Exercise brief
Leave out all pictures and retype exactly the lines from the one with "Photo 14 of 2547 211 St Nw, Edmonton AB" through the last line of the material.

Available records
==============================
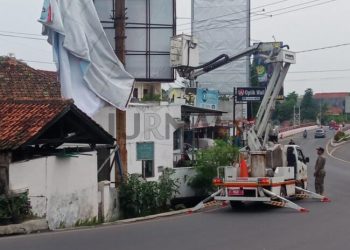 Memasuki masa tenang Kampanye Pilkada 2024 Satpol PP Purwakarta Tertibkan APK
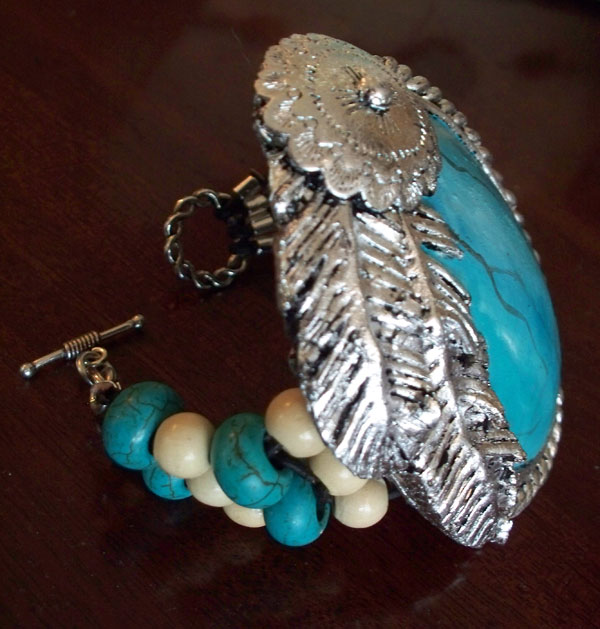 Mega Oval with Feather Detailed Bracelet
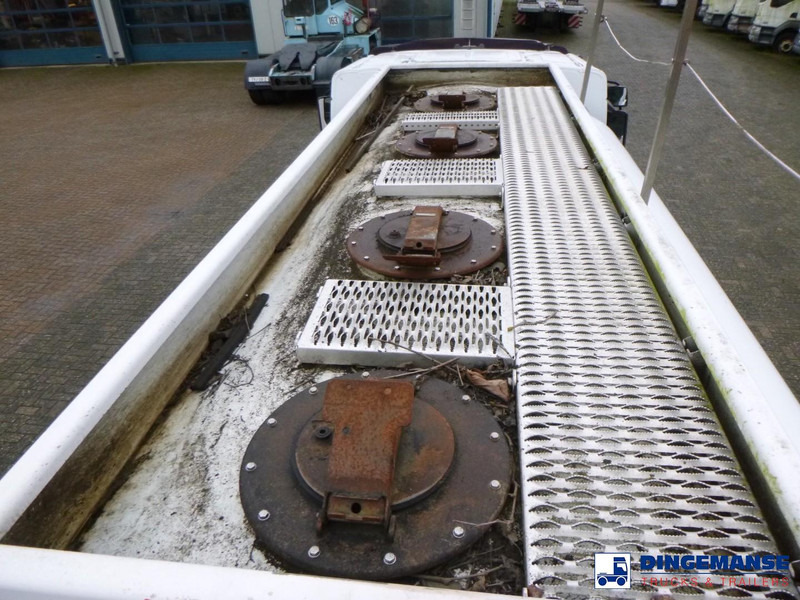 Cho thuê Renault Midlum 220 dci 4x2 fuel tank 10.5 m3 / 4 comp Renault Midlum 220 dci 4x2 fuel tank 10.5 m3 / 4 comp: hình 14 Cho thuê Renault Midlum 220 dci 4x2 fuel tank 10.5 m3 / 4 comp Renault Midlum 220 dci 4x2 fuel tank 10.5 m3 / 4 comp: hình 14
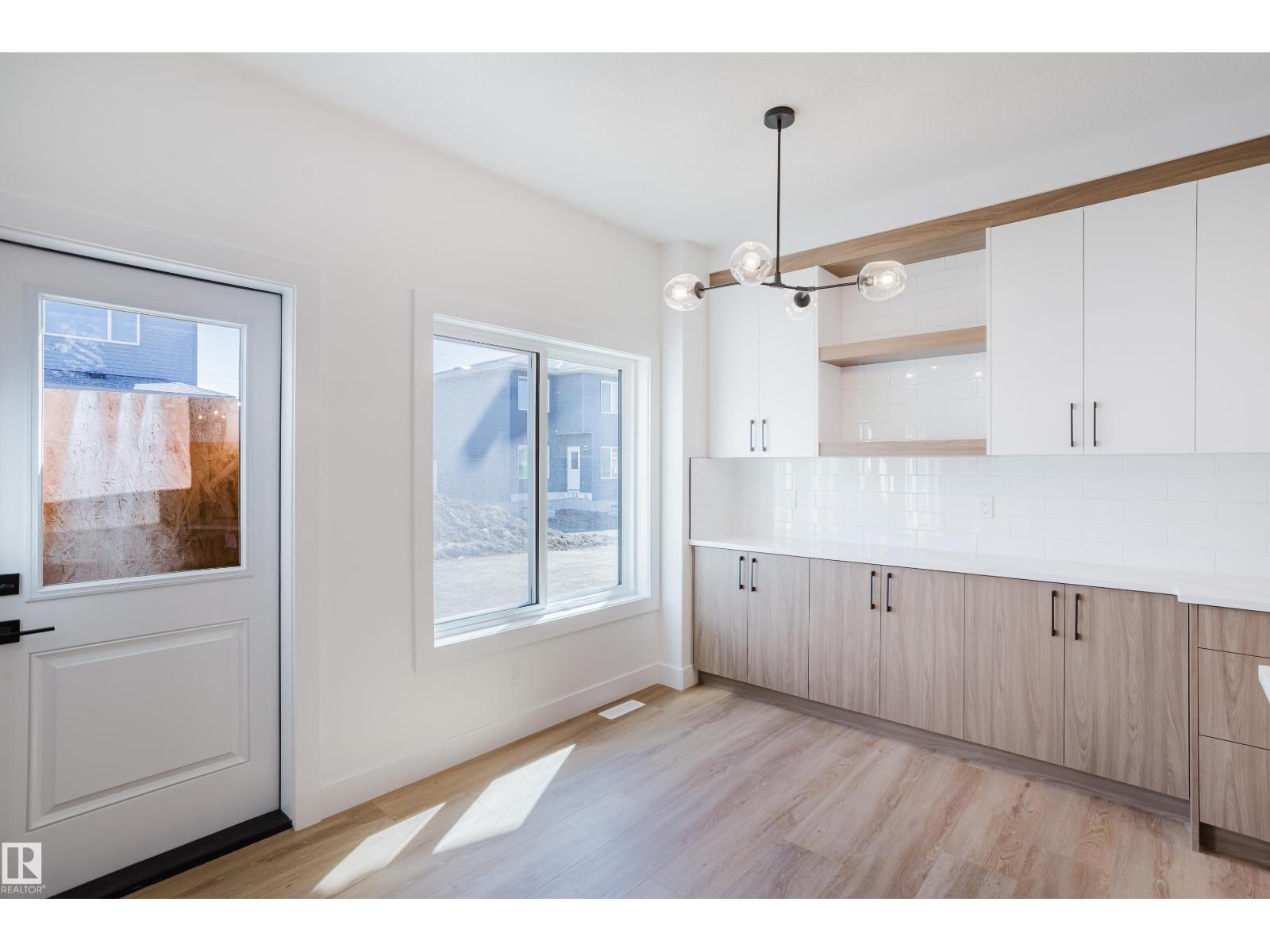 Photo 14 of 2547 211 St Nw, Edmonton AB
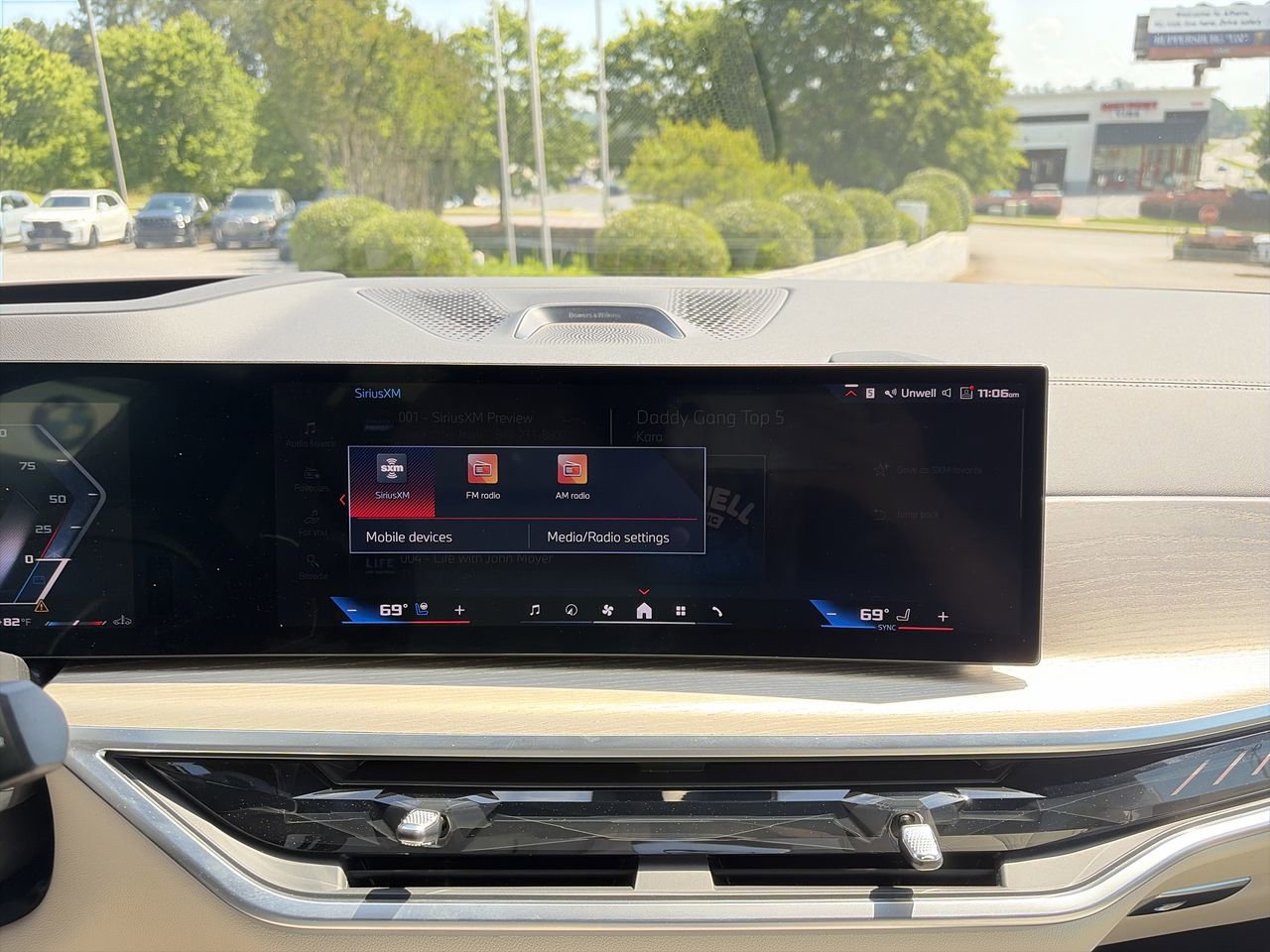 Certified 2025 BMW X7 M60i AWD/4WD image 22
==============================
Task response
 Photo 14 of 2547 211 St Nw, Edmonton AB
 Certified 2025 BMW X7 M60i AWD/4WD image 22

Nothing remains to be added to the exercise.